“No man can be called friendless who has God and the companionship of good books” (Elizabeth Barrett Browning, British poet).
In the era of communist censorship, a leading intellectual dares to speak to students “in code” about the wise Saul of Tarsus, without identifying him with the biblical figure of the Apostle Paul, so that only “connoisseurs”, readers of the Bible, can make the ideological connection, and ideologised atheists will be strangers to the forbidden bibliographical reference.
A young man escorts his new colleague through a park to the statue of Prometheus in chains, punished by the Olympian gods. He is delighted to find that she is able to identify the figure and the myth just by looking at it, without any explanation on his part, and so they decide, on the basis of this successfully passed “test”, that they will be good friends.

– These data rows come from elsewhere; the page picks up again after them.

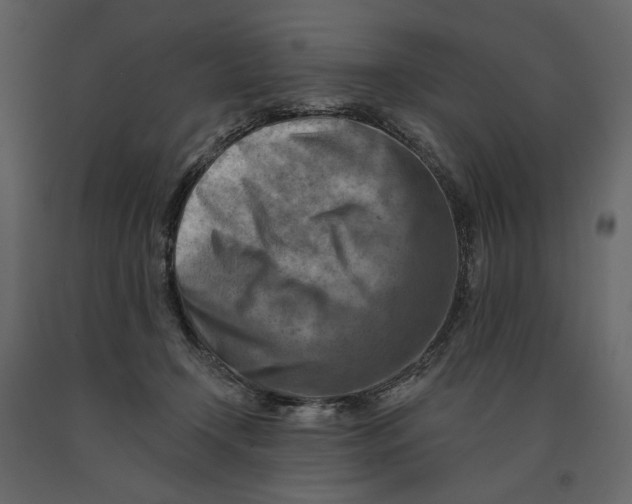 X0000090930366200708271049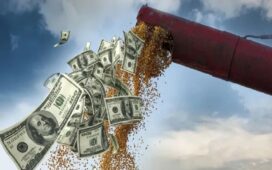 Proyecciones para el agro uruguayo: sufren la soja y el maíz mientras que la carne mejora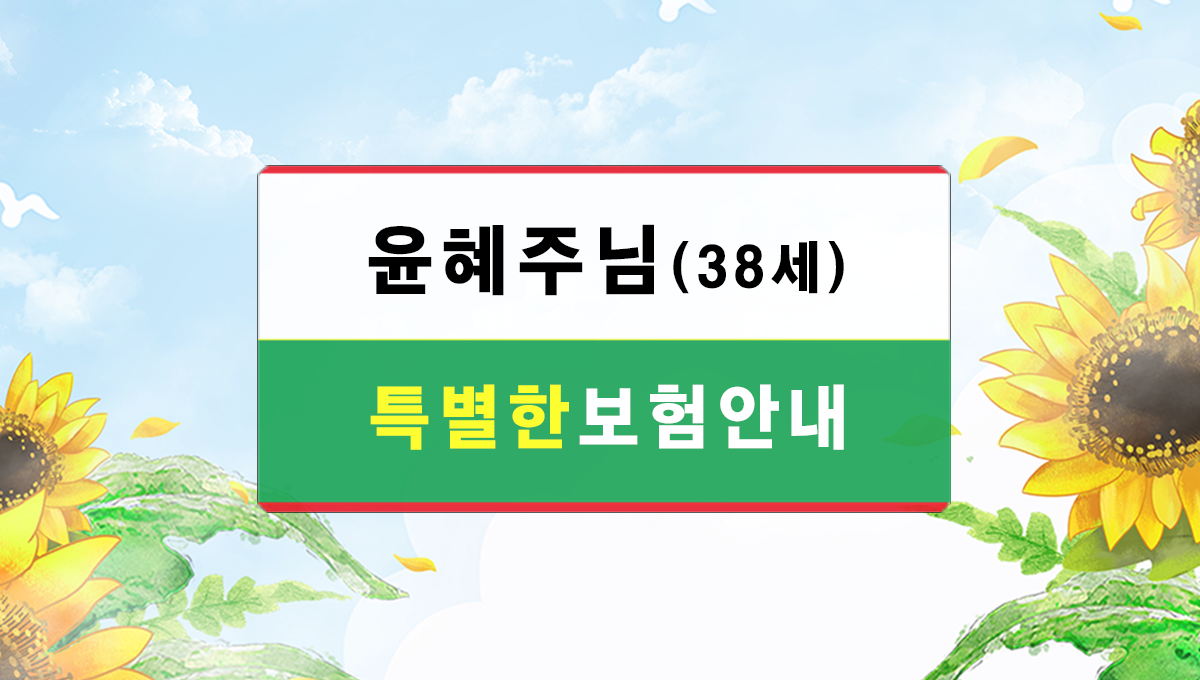 보험안내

A famous doctor from Bucharest recounts the beginning of his career alongside the man who was to become his mentor and professional model: “In response to the unfortunate words of a fellow student, the professor exclaimed: ‘Oh, sancta simplicitas!’ Then to the class, ‘Who said that?’ There was silence. I plucked up courage and said, ‘Jan Hus, in Prague in 1415, standing at the stake, saw an old woman add a bundle of dry twigs to the many that were about to be lit.’ He looked at me, asked me my name and decided on the spot that I should be the head of the secondaries in the clinic.”
Moments of grace
Anyone who thinks that general knowledge should not take precedence over professional training and character when choosing collaborators, friends, and experts does not understand how closely they are linked. So closely, in fact, that those who have mastered the same cultural codes recognise each other in the most subtle and profound ways, recognise common values, common ideals of life, similar worldviews, views of life, of death, even of our meaning in the world.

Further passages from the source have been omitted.